The Magic in This Other World Is Too Far Behind!, Vol. 5

By Gamei Hitsuji and himesuz. Released in Japan by Overlap. Released in North America digitally by J-Novel Club. Translated by Hikoki.

It stands to reason that, given this fantasy world is looking for strong heroes, and they’ve gathered three of them from Suimei’s “home” universe (albeit two of them by accident), that there would be other heroes here who hail from Japan. That said, having the hero be Suimei’s childhood friend is asking a bit much of the reader’s suspension of disbelief, methinks. She also has amnesia, which ends up helping the book to pad out its length, because a great deal of time is spent with Suimei trying to get her to trust him and also fending off attacks from her allies, who think that he’s some sort of villain. She is… an OK character, I suppose, but I have to be honest, an overly earnest swordswoman is not really something we need to add to Suimei’s party given that we already have Lefille. Given Hatsumi has her own party, much like Reiji, I’m hoping that when this arc ends she will head off on her own.

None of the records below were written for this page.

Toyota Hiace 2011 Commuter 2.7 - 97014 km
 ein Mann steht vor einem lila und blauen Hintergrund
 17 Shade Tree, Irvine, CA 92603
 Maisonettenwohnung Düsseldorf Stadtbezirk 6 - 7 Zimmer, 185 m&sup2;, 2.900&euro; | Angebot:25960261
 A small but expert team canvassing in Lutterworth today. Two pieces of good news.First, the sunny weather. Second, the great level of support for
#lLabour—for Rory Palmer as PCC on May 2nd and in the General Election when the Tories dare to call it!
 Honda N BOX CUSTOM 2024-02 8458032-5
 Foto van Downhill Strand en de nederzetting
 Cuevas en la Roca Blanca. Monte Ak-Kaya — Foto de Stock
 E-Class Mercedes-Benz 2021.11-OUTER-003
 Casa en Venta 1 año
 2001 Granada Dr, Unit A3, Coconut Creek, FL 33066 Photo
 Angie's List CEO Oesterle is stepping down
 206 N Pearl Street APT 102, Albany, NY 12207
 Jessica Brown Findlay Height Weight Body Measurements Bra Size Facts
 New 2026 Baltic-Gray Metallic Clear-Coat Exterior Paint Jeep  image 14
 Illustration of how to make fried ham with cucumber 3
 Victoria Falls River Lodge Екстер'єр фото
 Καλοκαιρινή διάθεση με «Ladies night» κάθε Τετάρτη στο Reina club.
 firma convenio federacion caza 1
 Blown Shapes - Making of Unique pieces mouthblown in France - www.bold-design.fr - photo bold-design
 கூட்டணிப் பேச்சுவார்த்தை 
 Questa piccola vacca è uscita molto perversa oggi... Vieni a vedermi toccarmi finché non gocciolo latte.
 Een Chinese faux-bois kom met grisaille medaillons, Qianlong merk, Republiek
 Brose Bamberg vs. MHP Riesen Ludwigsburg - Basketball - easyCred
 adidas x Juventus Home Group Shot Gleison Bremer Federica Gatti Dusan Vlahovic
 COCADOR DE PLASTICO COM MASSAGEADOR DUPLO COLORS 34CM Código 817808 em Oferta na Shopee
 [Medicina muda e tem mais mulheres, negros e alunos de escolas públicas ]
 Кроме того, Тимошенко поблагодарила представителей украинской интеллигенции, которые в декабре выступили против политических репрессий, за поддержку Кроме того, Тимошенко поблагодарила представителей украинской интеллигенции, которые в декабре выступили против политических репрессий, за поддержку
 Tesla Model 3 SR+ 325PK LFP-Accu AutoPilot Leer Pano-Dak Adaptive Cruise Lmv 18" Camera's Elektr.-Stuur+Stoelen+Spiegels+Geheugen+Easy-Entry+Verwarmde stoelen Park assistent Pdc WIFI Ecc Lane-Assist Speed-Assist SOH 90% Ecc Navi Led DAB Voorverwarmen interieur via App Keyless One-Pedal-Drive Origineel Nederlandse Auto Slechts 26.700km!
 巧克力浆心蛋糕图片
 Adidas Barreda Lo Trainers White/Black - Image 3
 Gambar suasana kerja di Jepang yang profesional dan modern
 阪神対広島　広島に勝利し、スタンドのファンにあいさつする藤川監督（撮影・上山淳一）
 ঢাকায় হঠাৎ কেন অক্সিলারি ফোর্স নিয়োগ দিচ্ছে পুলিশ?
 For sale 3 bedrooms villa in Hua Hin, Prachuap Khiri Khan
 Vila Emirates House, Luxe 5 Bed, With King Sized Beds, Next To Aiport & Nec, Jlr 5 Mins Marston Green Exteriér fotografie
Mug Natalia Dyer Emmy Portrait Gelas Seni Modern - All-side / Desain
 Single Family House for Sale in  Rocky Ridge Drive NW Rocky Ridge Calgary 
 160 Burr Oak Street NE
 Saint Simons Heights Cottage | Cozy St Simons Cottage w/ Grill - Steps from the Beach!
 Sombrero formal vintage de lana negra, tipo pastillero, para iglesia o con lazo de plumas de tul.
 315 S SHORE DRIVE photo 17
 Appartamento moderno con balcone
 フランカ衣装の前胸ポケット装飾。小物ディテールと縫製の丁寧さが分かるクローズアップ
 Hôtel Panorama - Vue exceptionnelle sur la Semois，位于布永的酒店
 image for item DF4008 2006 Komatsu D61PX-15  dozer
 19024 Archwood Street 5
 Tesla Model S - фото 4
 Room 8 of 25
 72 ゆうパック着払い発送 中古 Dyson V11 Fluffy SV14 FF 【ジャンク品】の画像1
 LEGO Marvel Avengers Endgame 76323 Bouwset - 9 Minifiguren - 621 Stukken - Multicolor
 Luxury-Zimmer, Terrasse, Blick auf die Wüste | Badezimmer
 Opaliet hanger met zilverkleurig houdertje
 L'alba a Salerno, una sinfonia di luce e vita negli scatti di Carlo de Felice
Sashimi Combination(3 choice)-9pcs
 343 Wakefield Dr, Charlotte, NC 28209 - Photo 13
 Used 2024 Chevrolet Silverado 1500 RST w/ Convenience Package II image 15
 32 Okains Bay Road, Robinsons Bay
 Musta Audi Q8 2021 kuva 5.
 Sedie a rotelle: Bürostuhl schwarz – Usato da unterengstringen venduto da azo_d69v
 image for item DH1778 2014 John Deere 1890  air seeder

We also get a bit more information on our villains, if not their purpose just yet, and honestly I’m wondering if they’re more antagonists than villains. There is a sense that the religion in this world may be what’s actually holding it back, and while Suimei doesn’t dwell on it too much, given that he has some highly religious people in his party, I suspect it’s not something that will go away. This is also not too surprising for a Japanese fantasy light novel, where the Church has a tendency to be evil by default, but given this author’s habit of going deeply into magical theory, I’ll be interested to see if he also goes deeply into this in a way that’s not just “God bad. Grr!”. We also get a whole cadre of demons introduced, and they seem far more villainous – the one behind the battle at the end is a typical smug jerk who needs to get what’s coming to him. (Speaking of which, once again Suimei saves the girl multiple times but the author allows Hatsumi to get in the final blow. I’ll take what I can get, I suppose.)

I mentioned last time that Liliana’s depth suffered as she was essentially the victim in her introductory books. She does much better here, adding to Suimei’s party of white mage and swordswoman by being a top class spy. The scene where everyone comes up with no information whatsoever and she mentions she found “a little bit” and then rattles off every secret in the town is almost hilarious, and as Suimei notes speaks very well of her. Admittedly, you still get the sense that the girls are all doing this to get him to like them more, but given the nature of the genre I can’t really avoid that. This book ends with a cliffhanger, so it looks like another two-parter is in the works. I do wonder if Hatsumi will get her memory back in the next book or not – there’s good plot reasons why it may be best for her to stay amnesiac. Also, will Reiji and company (who have an unwanted addition now in the form of Evil Olivier Armstrong) find the ultimate weapon they’re seeking? Too Far Behind continues to stay just on the good side of “overpowered guy with harem” titles.